“Fellow Americans, we begin bombing in five minutes.”


24 years ago today, towards the end of the cold war, someone smuggled a recording of a voice test by then president Ronald Reagan to the outside world.

The soundbite is now commonly referred to as Reagan’s “We begin bombing in five minutes” joke[1] and ran like this:

My fellow Americans, I’m pleased to tell you today that I’ve signed legislation that will outlaw Russia forever. We begin bombing in five minutes.

On hearing the news, a leading Parisian newspaper expressed its dismay, and stated that only trained psychologists could know whether Reagan’s remarks were “a statement of repressed desire or the exorcism of a dreaded phantom.”


Reagan’s gaffe was sampled soon afterwards, most notably in 1984 on the appropriately titledWorld Destruction[2] by Time Zone (Laswell, Bambaataa and Lydon) and by Bonzo Goes to Washington, a one-off studio project that released “5 Minutes”[3] (“chopped and channeled by Arthur Russel) in the same year. I have no audio for the latter.

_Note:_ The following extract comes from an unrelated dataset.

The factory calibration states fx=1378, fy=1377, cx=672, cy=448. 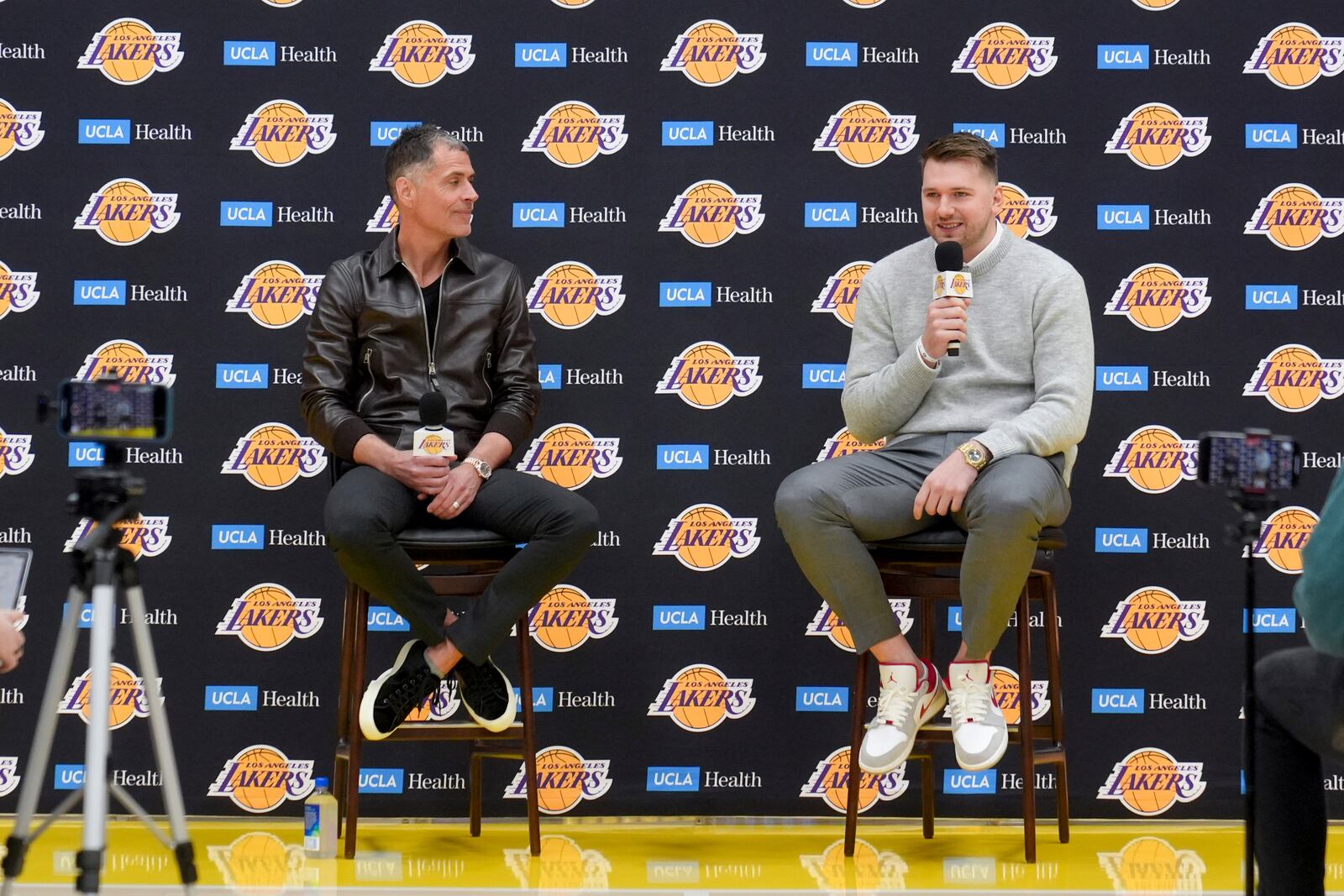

For the vinyl vultures, “World Destruction” is on Celluloid Records, “5 minutes” on Sleeping Bag Records, both cult labels.

“World Destruction” is WMC # 63. Enjoy.

For the record: Reagan was a funny president[4], although he did come over as a religious lunatic when you hear him on his 1984 presidential campaign where he comments on armageddon and mutual assured destruction:

“the biblical prophecies of what would portend the coming of Armageddon and so forth, and the fact that a number of theologians for the last decade or more have believed that this was true, that the prophecies are coming together that portend that.” … “no one knows whether those prophecies mean that Armageddon is a thousand years away or day after tomorrow. So I have never seriously warned and said we must plan according to Armageddon.”

4 thoughts on ““Fellow Americans, we begin bombing in five minutes.”

  1. lichanos

    Having suffered through eight years of Reagonzo’s presidency, I can’t say I ever found him funny. He was immensely destructive. And he was a believer in the imminence of the Last Days, although he was more discreet about it than most evangelicals.

  2. lichanos

    Well, Richard Rhodes has written a history of the arms race, The Arsenals of Folly, that actually made me grant a small amount of grudging respect to The Great Communicator. Apparently, Reagan desperately wanted to go down in history as the man who rescued the world from the threat of nuclear destruction. (He actually BELIEVED in his absurd Star Wars scheme.) It was the movie, The Day After, that got him going, much to the chagrin of his cold warrior advisors. They tried everything to get him to refuse to make a deal with Gorbachev, but he did persevere. I’ll grant him that much.